Enquanto isso, o IDF implantou na segunda-feira baterias de interceptores de mísseis Iron Dome em todo o país e enviou reforços para a Cisjordânia. A mídia palestina afirmou na terça-feira que baterias também foram colocadas perto de Jerusalém. A Polícia de Israel estava em alerta máximo, destacando mais de 2.000 policiais em Jerusalém para o evento

“A situação na esfera palestina é volátil e estamos preparados para uma nova eclosão de combates”, disse o chefe do Estado-Maior das IDF, Aviv Kohavi, na noite de segunda-feira.

“Com respeito às IDF, o que foi não é o que será”, disse ele, referindo-se às promessas de Israel de assumir uma postura muito mais dura com o grupo terrorista Hamas que governa Gaza e ameaçou lançar novos ataques.

Os sistemas de mísseis de defesa Iron Dome são retratados no sul de Israel em 24 de abril de 2021

Tanto o Hamas quanto a Autoridade Palestina alertaram sobre violência caso a marcha prossiga.

“A marcha das bandeiras é como um explosivo que fará com que uma nova campanha para proteger Jerusalém e a mesquita de Al-Aqsa seja iniciada”, disse o porta-voz do Hamas, Abd al-Latif Qanou, em um comunicado na segunda-feira.

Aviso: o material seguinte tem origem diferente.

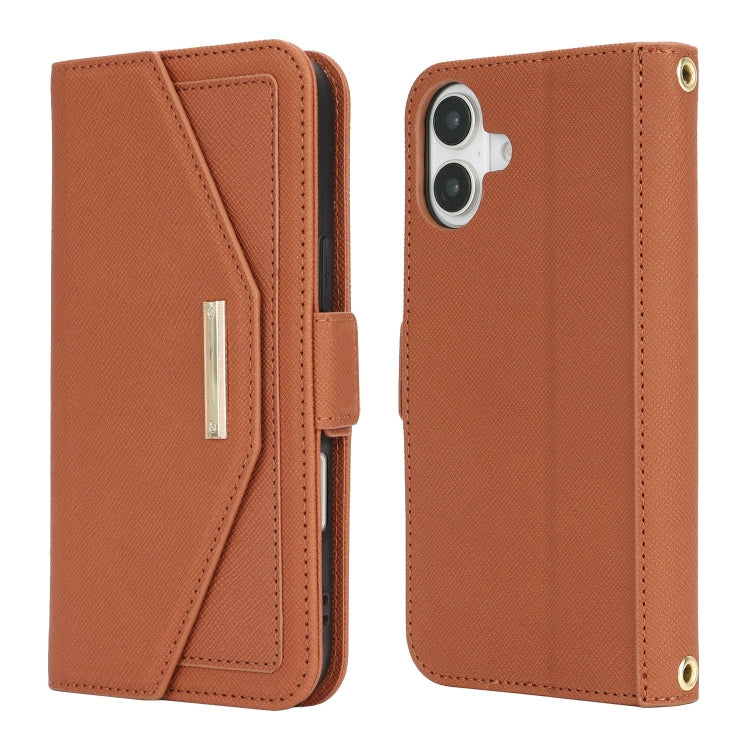 For iPhone 16 Plus Cross Texture Crossbody Lanyard Leather Phone Case(Brown) - iPhone 16 Plus Cases by buy2fix | Online Shopping UK | buy2fix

O grupo terrorista também pediu aos palestinos que “confrontem os colonos israelenses” durante a marcha. “A nação e a resistência estão atrás de você no esforço de frustrar os planos de ocupação”, disse Qanou.

O ataque de foguetes de 10 de maio – Dia de Jerusalém – durante o desfile original, que ocorreu em meio a tensões já crescentes sobre os despejos planejados de casas em Jerusalém Oriental e ações policiais contra manifestantes muçulmanos no Monte do Templo, desencadeou 11 dias de intensos combates entre Israel e liderados pelo Hamas terroristas na Faixa de Gaza, bem como uma onda de confrontos de baixo escalão na Cisjordânia e violência de turba entre árabes e judeus dentro de Israel.

Os israelenses agitam bandeiras nacionais durante uma marcha do Dia de Jerusalém, em Jerusalém, 10 de maio de 2021.

Desde o fim da luta, o Hamas advertiu repetidamente que poderia reabrir as hostilidades sobre os acontecimentos em Jerusalém e respondeu com maior beligerância aos planos para a marcha, um evento anual – realizado para marcar a captura de Israel em 1967 de Jerusalém Oriental – durante o qual milhares de nacionalistas jovens desfilam pelo bairro muçulmano da Cidade Velha em direção ao Muro das Lamentações.

O novo ministro da Segurança Pública, Omer Barlev, disse na segunda-feira que a marcha ocorreria conforme programado, após uma reunião com o chefe da polícia de Israel, Kobi Shabtai, sobre os preparativos para a marcha.

“Tenho a impressão de que a polícia está bem preparada e que um grande esforço foi feito para manter o delicado tecido da vida e da segurança pública”, disse Barlev.

O novo ministro da segurança pública de Israel, Omer Barlev, chega para uma foto de grupo do governo recém-empossado na residência do presidente em Jerusalém, em 14 de junho de 2021.

Antes da reunião, Barlev disse que “em uma democracia, é permitido e importante demonstrar dentro dos limites da lei”, acrescentando que “operaremos de acordo com as recomendações da polícia”.

O evento reprogramado foi inicialmente planejado para a última quinta-feira, mas foi adiado para esta terça-feira, quando a polícia se recusou a autorizar a rota planejada através da entrada do Portão de Damasco da Cidade Velha e do Bairro Muçulmano.